To implement these strategies, the government has drawn up a total of 100 action plans. Notably, the package included a plan to ease regulations on development of greenbelt areas to spur corporate investment and facilitate housing construction.
It also proposes three large-scale tourism complexes in Yeongjongdo Island and Songdo of the Incheon Free Economic Zone and the Jeju International Free City as Korea’s answer to Singapore.
The package also urges policymakers to consider adjusting the loan-to-value and debt-to-income regulations to boost the real estate market, which holds the key to spurring domestic consumption.
The government has thus far refrained from softening the LTV and DTI rules, as doing so would increase household debt. The move to adjust them indicates its resolve to keep up the recovery momentum in the housing market.
The centerpiece of the package is the government’s plan to invest 4 trillion won for the coming three years to create a well-functioning venture ecosystem. As the vision to create a creative economy depends much on the prosperity of the venture sector, the government is keen to build a system that can provide support to venture firms at any stage of development in their life cycle.

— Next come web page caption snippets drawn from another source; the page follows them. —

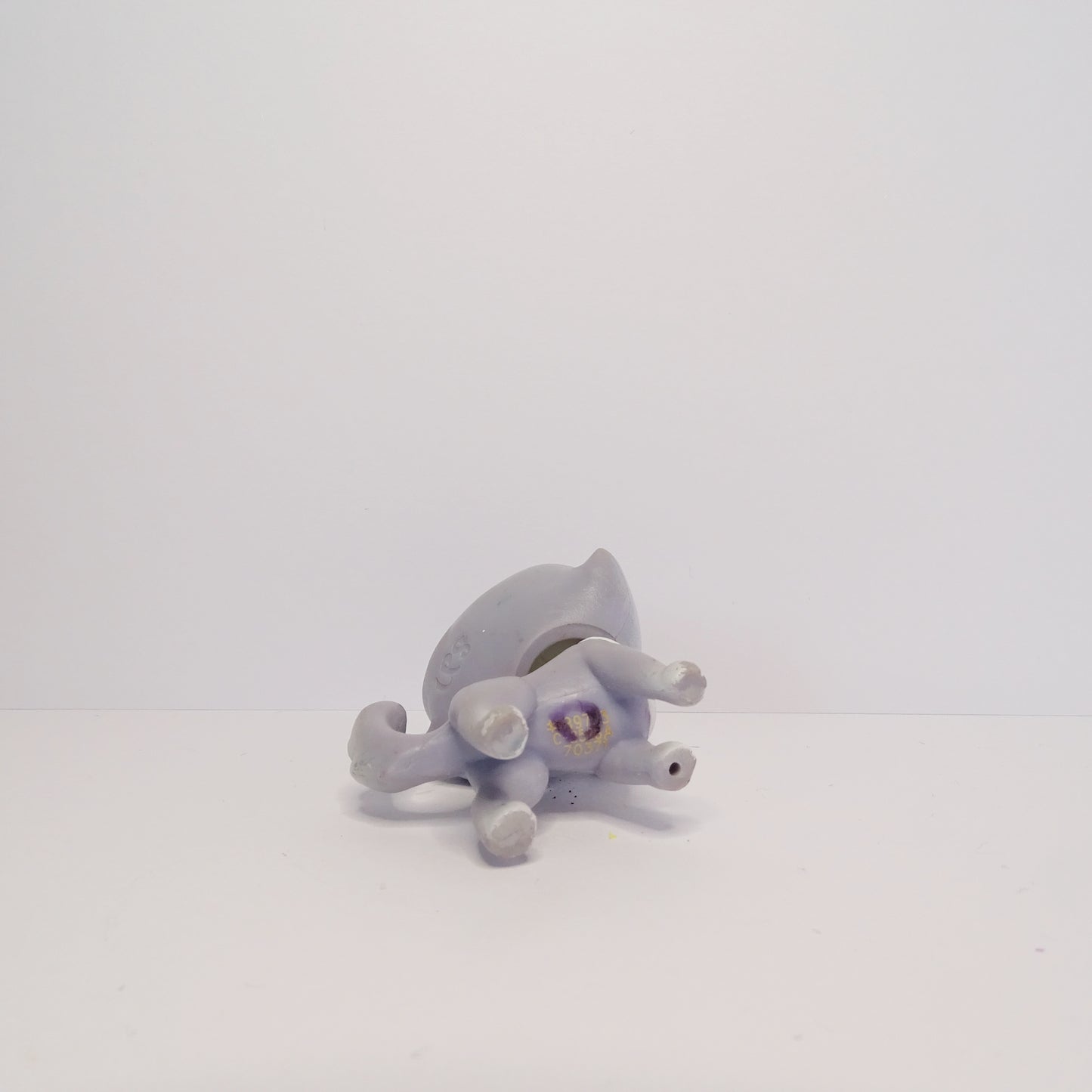 Lps G5/6 Husky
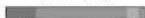 DEWALT DWE46101 - MONTAGE DE MEULES SANS MOYEU (FIG. 8) - 3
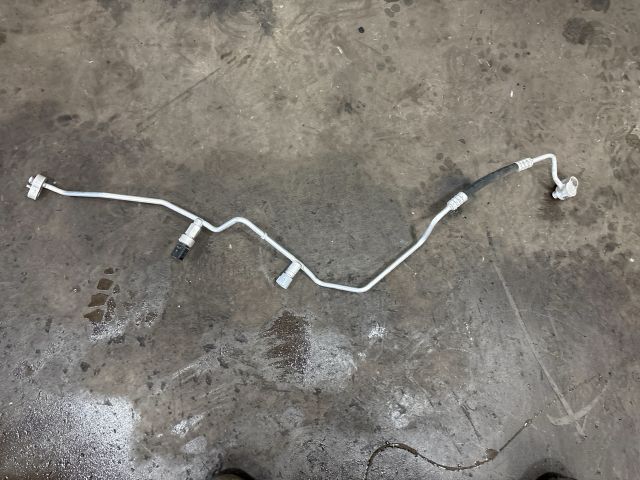 bontott VW UP Klíma Cső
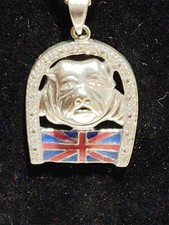 Unusual 9ct white for sale  MANCHESTER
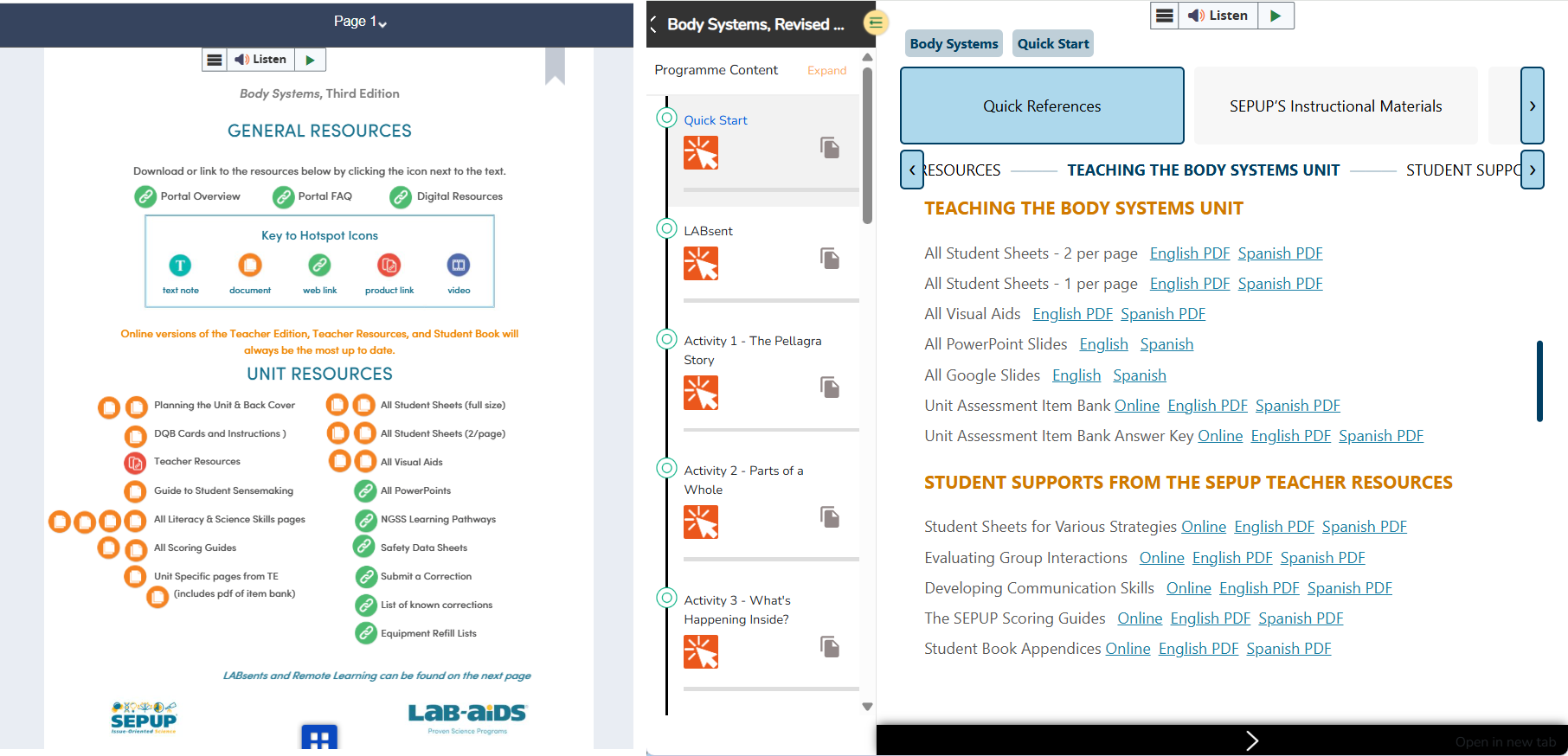 2026-01-27_16-42-16 page 1 quick start quick references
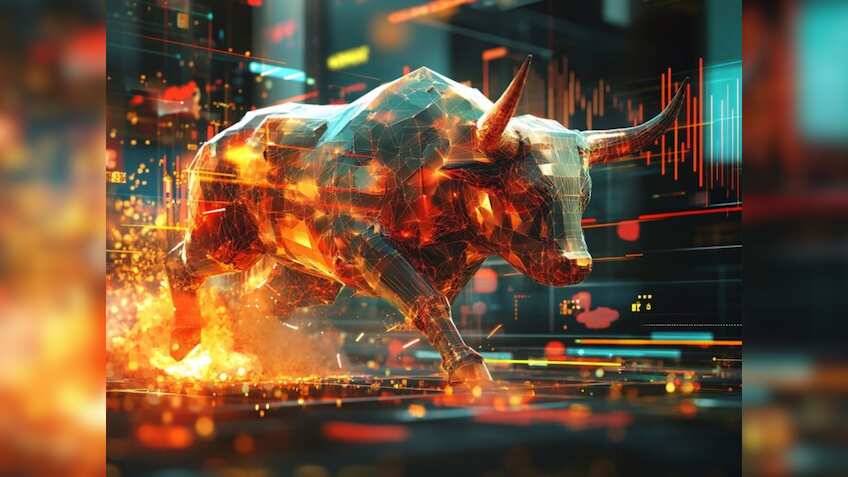 Stocks to BUY: इस इंडस्ट्री में आने वाला है बूम, पोर्टफोलियो में रख लें ये 3 शेयर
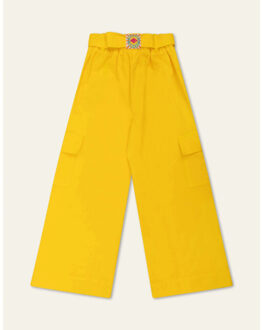 Oilily Pickles broek Veelkleurig - 116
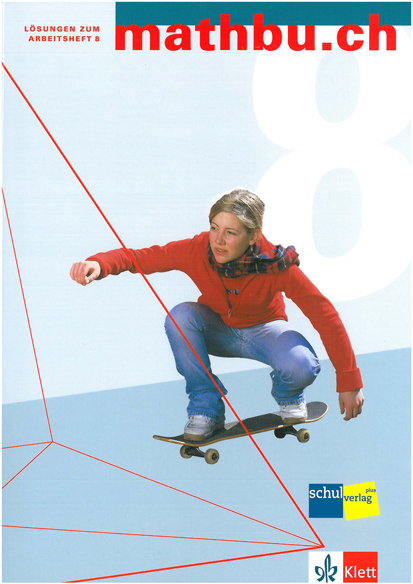 mathbu.ch 8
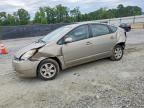 2006 TOYOTA PRIUS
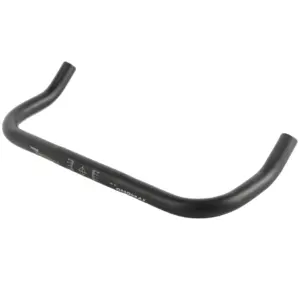 Fahrradlenker Fahrradlenker Stahllegierung Aluminium 25,4 mm 31,8 mm Radlenker 22,2 mm Teile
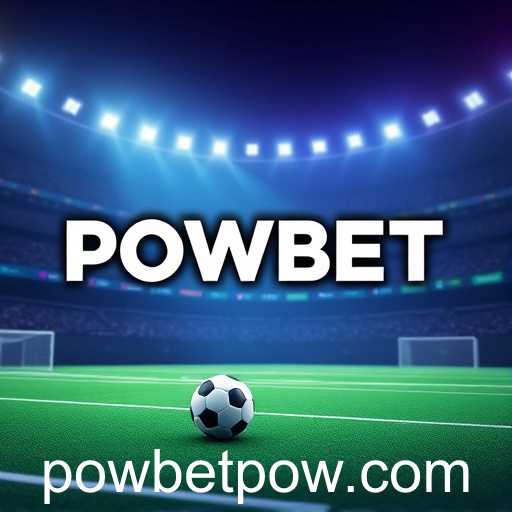 How Powbet is Transforming the Online Gaming Experience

The package also included many other bold initiatives. If all these schemes are carried out as planned, Korea will be able to become a stronger and more resilient economy, but it will not be easy to implement the blueprint.
In the first place, the government has laid out too many action plans. It may have sought to address all the major problems facing the economy. But it could be distracted if it tries to tackle too many problems at the same time.
A bigger problem is that the government will face difficulty in implementing many of its plans unless Park improves relations with the main opposition Democratic Party.
DP leader Kim Han-gil slammed Park for virtually scrapping many election pledges related to welfare and economic democratization. He also criticized the three-year plan for lacking concrete measures to improve people’s lives.
Kim’s response suggests that the government can hardly expect cooperation from it on matters that require revision or enactment of laws.